In order to be part of our species’ evolution, the nastiness of guilt must have been outweighed by some compensatory advantage, some positive effect on survival and reproduction. We hypothesize that this advantage lay in the ability of guilt to limit friction between members of a band and prevent disruption of the community. Guilt evolved, one might say, as the equivalent of a nose for what a hunting-gathering band considered unacceptable.
Guilt could serve this purpose because we humans have evolved the capacity to feel guilty about acts we have not committed—wishes, desires, feelings, dreams, and thoughts. In a band, if someone considered, contemplated, or imagined cheating on others—say getting more than a rightful share of a kill—he or she would most likely start to feel something unpleasant enough to function as a deterrent. In this way, guilt helped regulate a society that was based on reciprocal altruism[1].

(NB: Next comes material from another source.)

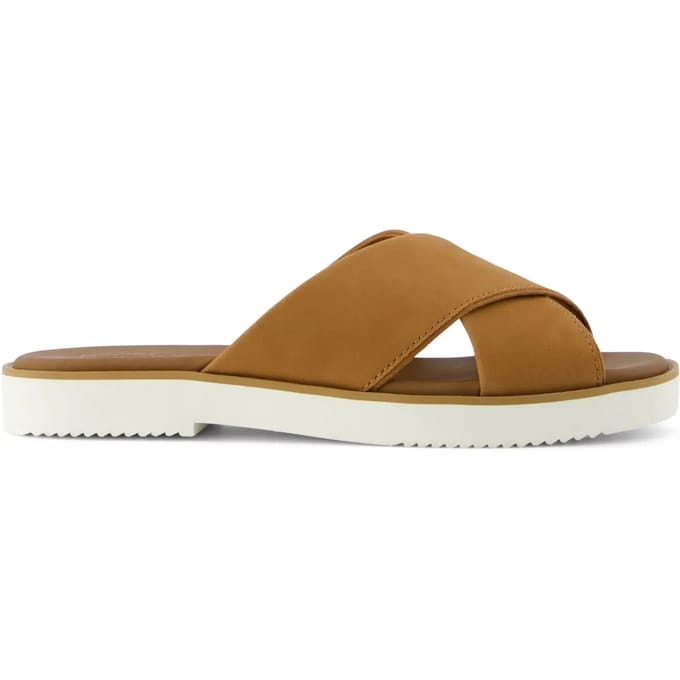 TOMS Mae Crossover Leren Damessandalen Bruin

When the god of the Old Testament arrived on the scene, guilt began to change shape. Offenses against god’s law were added to the list of acts that were frowned upon by society. And god, the prophets said, disapproved of an endless catalog of acts, such as the eating of shellfish, that had nothing to do with reciprocal exchange, fairness, or relationships between members of a group.
The number and types of acts that were deemed guilt-worthy further expanded in the medieval Catholic Church. Take, for example, the Church’s demand that everyone confess “every conceivable thought and deed, from oversleeping to masturbation” (Ozment, 1980). The Church’s hefty compilation of evil was obviously not designed to deter conflict or promote cooperative personal relationships. But it did reinforce the Church’s authority.
The guilt that developed over these new kinds of misdeeds—these sins—doesn’t involve anyone else. It’s a judgment on oneself, a private matter, or, for believers, a matter between oneself and one’s god.
There is something odd about this variety of guilt. People have a hard time differentiating it from shame, an emotion we find little trace of in accounts of hunter-gatherer life. The confusion—or at least the overlap—between these two emotions is obvious in Arthur Miller's classic play, "Death of a Salesman." The salesman, Willy Loman, has suffered years of guilt because his son Biff, a high school football hero, once found him in bed with a woman other than his mother. Was this guilt or shame?
For significant segments of contemporary Western culture, guilt has been pushed aside. The generations that came of age starting in the 1960s took it upon themselves to conquer their guilt rather than their desires. They sought to raise their children using praise instead of guilt, hoping to ensure a lifetime of self-satisfaction. They ushered in a culture of self-realization that freed people from the rules and expectations of community life, religious or secular. The experiment is still in progress.
One might speculate that the motivation to dispense with guilt was at least in part driven by the inclusion, in guilt, of so many “offenses” that belong in the private, subterranean realms of shame. To the modern mind, too many of those offenses can seem useless, irrelevant, arbitrary, artificial, and lacking in social utility. You should feel guilt if you rob your neighbor, cheat your friend, or damage your society. But oversleeping?
References
[1] To be sure, guilt did not act alone. It would have been aided by fear of the righteous anger that occurred when someone in the band cheated or broke a taboo. The emotions at that time tended to work as a system.
Freud, Sigmund. 1930/1962. Civilization And Its Discontents. New York: Penguin.
Ozment, Steven. 1980. The Age Of Reform. New Haven, CT: Yale University Press.